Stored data
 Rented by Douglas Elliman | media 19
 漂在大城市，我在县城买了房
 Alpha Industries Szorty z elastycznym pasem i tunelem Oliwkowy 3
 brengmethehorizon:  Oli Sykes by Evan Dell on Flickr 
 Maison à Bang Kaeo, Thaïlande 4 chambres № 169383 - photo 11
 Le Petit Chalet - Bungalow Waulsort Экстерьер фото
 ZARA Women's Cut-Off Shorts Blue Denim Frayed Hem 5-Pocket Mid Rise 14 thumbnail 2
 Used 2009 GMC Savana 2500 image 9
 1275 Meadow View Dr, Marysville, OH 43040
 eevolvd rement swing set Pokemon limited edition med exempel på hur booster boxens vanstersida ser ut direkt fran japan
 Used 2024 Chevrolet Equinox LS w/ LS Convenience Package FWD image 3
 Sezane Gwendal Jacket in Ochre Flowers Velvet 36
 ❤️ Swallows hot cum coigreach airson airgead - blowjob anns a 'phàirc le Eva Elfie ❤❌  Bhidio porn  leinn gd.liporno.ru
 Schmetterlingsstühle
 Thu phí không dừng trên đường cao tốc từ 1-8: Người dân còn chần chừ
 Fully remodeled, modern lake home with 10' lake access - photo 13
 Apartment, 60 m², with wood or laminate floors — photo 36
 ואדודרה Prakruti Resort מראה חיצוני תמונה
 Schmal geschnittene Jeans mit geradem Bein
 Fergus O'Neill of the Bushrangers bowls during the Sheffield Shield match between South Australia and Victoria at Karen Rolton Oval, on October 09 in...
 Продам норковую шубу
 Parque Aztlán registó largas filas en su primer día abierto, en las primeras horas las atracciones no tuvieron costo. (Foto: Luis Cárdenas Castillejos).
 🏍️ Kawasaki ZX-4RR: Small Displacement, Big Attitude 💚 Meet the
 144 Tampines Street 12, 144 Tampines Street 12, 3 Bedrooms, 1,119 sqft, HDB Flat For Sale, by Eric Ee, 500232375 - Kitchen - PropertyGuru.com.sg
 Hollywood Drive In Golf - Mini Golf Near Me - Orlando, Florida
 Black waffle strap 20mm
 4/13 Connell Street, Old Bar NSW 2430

▸ WHAT TO PRODUCE:
The full set of entries must be printed again without any alteration.

▸ RESULT OF THIS EXERCISE:
 Rented by Douglas Elliman | media 19
 漂在大城市，我在县城买了房
 Alpha Industries Szorty z elastycznym pasem i tunelem Oliwkowy 3
 brengmethehorizon:  Oli Sykes by Evan Dell on Flickr 
 Maison à Bang Kaeo, Thaïlande 4 chambres № 169383 - photo 11
 Le Petit Chalet - Bungalow Waulsort Экстерьер фото
 ZARA Women's Cut-Off Shorts Blue Denim Frayed Hem 5-Pocket Mid Rise 14 thumbnail 2
 Used 2009 GMC Savana 2500 image 9
 1275 Meadow View Dr, Marysville, OH 43040
 eevolvd rement swing set Pokemon limited edition med exempel på hur booster boxens vanstersida ser ut direkt fran japan
 Used 2024 Chevrolet Equinox LS w/ LS Convenience Package FWD image 3
 Sezane Gwendal Jacket in Ochre Flowers Velvet 36
 ❤️ Swallows hot cum coigreach airson airgead - blowjob anns a 'phàirc le Eva Elfie ❤❌  Bhidio porn  leinn gd.liporno.ru
 Schmetterlingsstühle
 Thu phí không dừng trên đường cao tốc từ 1-8: Người dân còn chần chừ
 Fully remodeled, modern lake home with 10' lake access - photo 13
 Apartment, 60 m², with wood or laminate floors — photo 36
 ואדודרה Prakruti Resort מראה חיצוני תמונה
 Schmal geschnittene Jeans mit geradem Bein
 Fergus O'Neill of the Bushrangers bowls during the Sheffield Shield match between South Australia and Victoria at Karen Rolton Oval, on October 09 in...
 Продам норковую шубу
 Parque Aztlán registó largas filas en su primer día abierto, en las primeras horas las atracciones no tuvieron costo. (Foto: Luis Cárdenas Castillejos).
 🏍️ Kawasaki ZX-4RR: Small Displacement, Big Attitude 💚 Meet the
 144 Tampines Street 12, 144 Tampines Street 12, 3 Bedrooms, 1,119 sqft, HDB Flat For Sale, by Eric Ee, 500232375 - Kitchen - PropertyGuru.com.sg
 Hollywood Drive In Golf - Mini Golf Near Me - Orlando, Florida
 Black waffle strap 20mm
 4/13 Connell Street, Old Bar NSW 2430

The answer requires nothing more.